# [INPUT RECORDS]
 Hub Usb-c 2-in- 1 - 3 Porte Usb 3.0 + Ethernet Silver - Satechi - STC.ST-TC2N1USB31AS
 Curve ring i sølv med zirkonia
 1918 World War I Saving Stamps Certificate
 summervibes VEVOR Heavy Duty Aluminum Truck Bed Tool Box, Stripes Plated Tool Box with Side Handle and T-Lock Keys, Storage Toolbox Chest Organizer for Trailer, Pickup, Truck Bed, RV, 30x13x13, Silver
...
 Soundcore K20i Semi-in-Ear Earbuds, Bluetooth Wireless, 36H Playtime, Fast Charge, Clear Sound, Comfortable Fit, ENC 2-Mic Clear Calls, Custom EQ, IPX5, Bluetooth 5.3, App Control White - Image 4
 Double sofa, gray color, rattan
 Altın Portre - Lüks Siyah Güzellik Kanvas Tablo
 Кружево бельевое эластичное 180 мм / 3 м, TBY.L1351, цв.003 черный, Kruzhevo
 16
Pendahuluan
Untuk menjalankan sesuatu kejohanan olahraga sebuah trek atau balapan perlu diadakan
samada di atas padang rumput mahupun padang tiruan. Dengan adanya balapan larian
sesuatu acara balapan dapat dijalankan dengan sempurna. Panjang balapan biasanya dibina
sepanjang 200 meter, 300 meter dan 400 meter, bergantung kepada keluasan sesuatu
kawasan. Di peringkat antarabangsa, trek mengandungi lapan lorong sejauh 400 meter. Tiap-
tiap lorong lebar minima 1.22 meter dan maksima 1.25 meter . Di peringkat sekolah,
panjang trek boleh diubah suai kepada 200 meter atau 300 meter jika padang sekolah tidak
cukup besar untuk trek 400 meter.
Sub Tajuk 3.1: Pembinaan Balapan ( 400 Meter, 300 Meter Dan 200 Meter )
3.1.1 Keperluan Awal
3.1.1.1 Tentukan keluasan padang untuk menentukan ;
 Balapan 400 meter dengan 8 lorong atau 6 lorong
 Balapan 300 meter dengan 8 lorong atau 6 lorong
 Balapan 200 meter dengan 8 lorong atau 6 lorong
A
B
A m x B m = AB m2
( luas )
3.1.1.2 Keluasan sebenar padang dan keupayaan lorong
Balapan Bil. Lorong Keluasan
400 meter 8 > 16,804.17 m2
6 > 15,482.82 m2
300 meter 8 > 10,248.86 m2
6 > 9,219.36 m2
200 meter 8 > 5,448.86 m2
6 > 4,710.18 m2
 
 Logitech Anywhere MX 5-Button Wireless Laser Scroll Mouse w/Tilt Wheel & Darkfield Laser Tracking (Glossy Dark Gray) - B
---
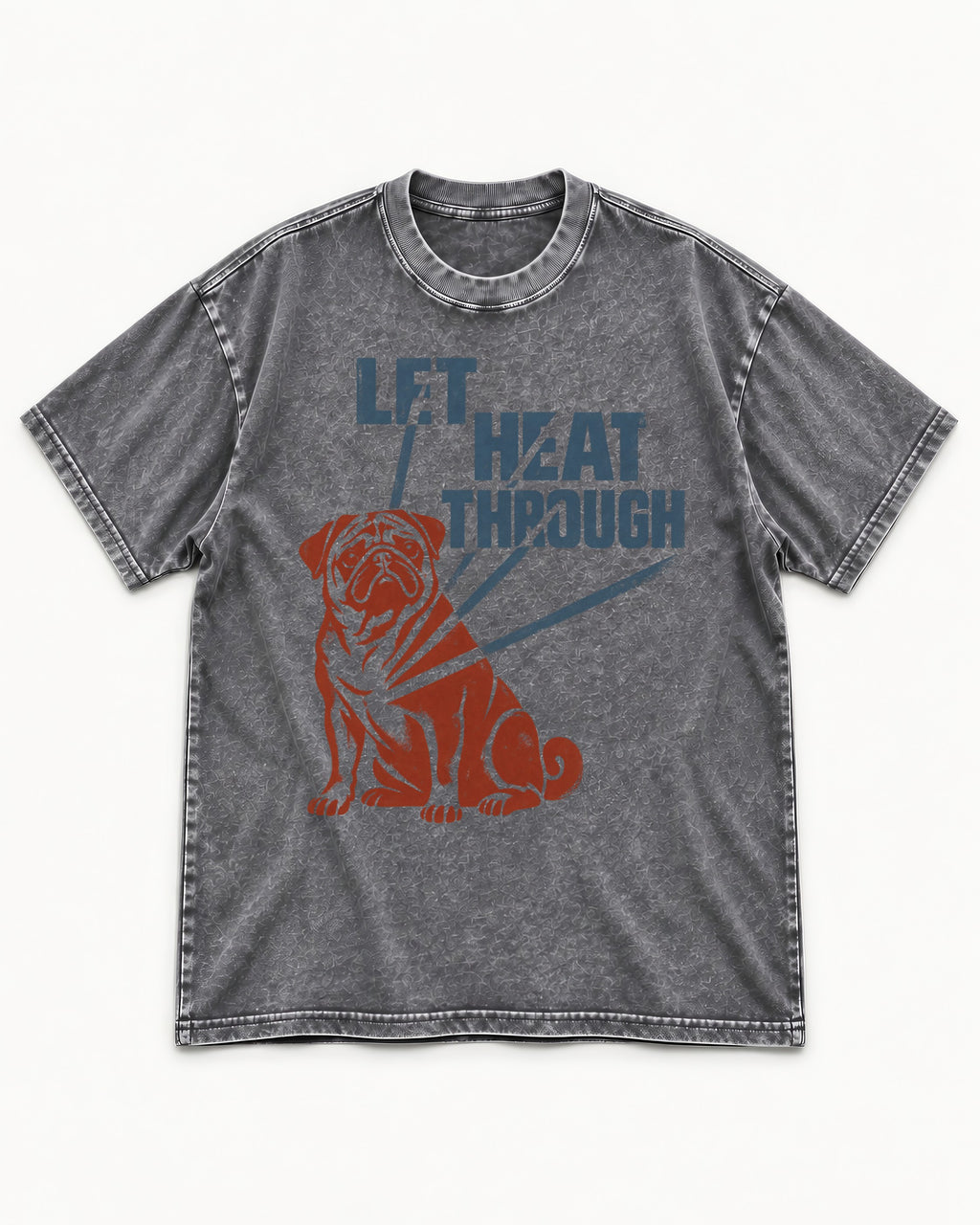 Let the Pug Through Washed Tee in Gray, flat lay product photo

# [PROBLEM TO SOLVE]
Transcribe, exactly and without additions, the lines of the records above, beginning with the line that contains "6 > 9,219.36 m2" and ending with the line that contains "Logitech Anywhere MX", both included.

# [PROBLEM SOLUTION]
6 > 9,219.36 m2
200 meter 8 > 5,448.86 m2
6 > 4,710.18 m2
 
 Logitech Anywhere MX 5-Button Wireless Laser Scroll Mouse w/Tilt Wheel & Darkfield Laser Tracking (Glossy Dark Gray) - B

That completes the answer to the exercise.